Harry S. Trueman had the famous sign on his desk; “the buck stops here.”  This meant that when a situation came his way, he would take the responsibility to make a decision and “deal” with the issue.

Here’s Todd’s challenge of the day:  write down the names of everyone in the store.  When a customer wants to return something outside (or in a grey-area) of your return policy, where does the buck stop?  When a good client asks for a discount, where does the buck stop?  When a client asks a technical question about a gemstone or jewellery, where does the buck stop?  How much “passing the buck” happens in your store?

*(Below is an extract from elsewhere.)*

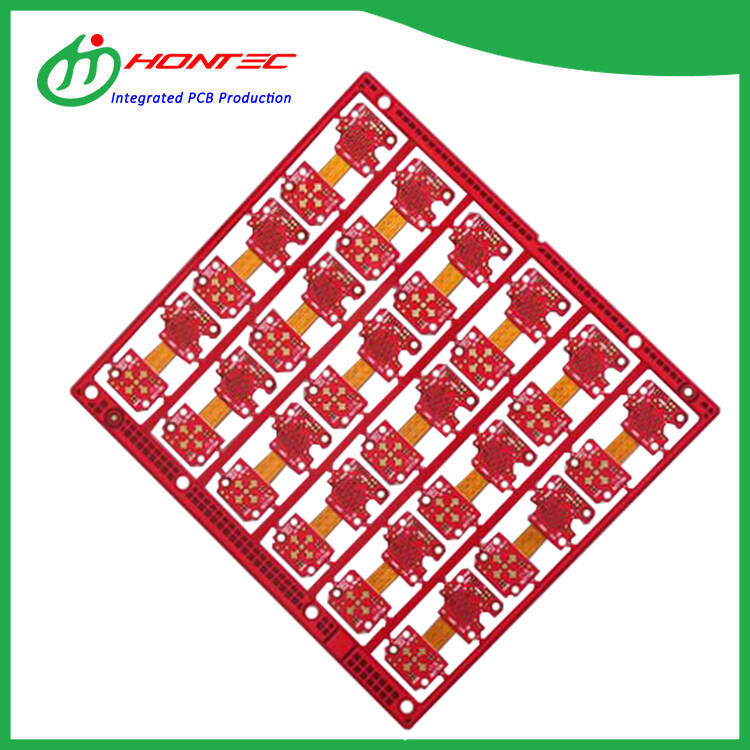 R-F775 Sərt-Flex PCB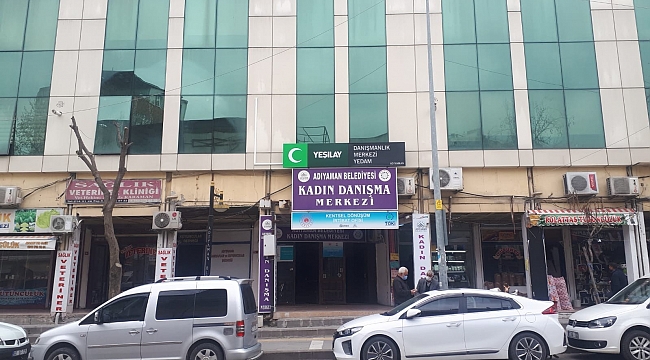 YEDAM bağımlılıkla mücadele için Adıyaman'da açıldı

If the buck sometimes stops with someone other than the owner, then congratulations, you have achieved LEVERAGE.  If the buck always gets passed to the owner, then you as a owner are a PRACTITIONER.  If you have leverage, you can go on vacation.  If you’re a practitioner, you lose business when you leave the store. 

Leverage can be gained through key-persons, through well-defined policies and procedures and through affiliation.  Train and authorize staff to take ownership of problems that come along.  Let them make mistakes, correct and redirect.  If your policies and practices are well-defined and articulated to staff, then they’ll know what to do under more circumstances.  Belonging to a buying-group, the CJA, service groups, BBB and/or Chamber of Commerce gives you a platform for developing your practices and policies.

Staffers: if you feel that you are ill equipped to handle certain circumstances, open a dialog with your owner or manager.  Nobody enjoys saying to a client, “gee, I don’t know, I’ll go get Janet, maybe she’ll know.”  That’s passing the buck!  If you are doing this business as more than just a job, you want to be seen as competent in the eyes of your clients.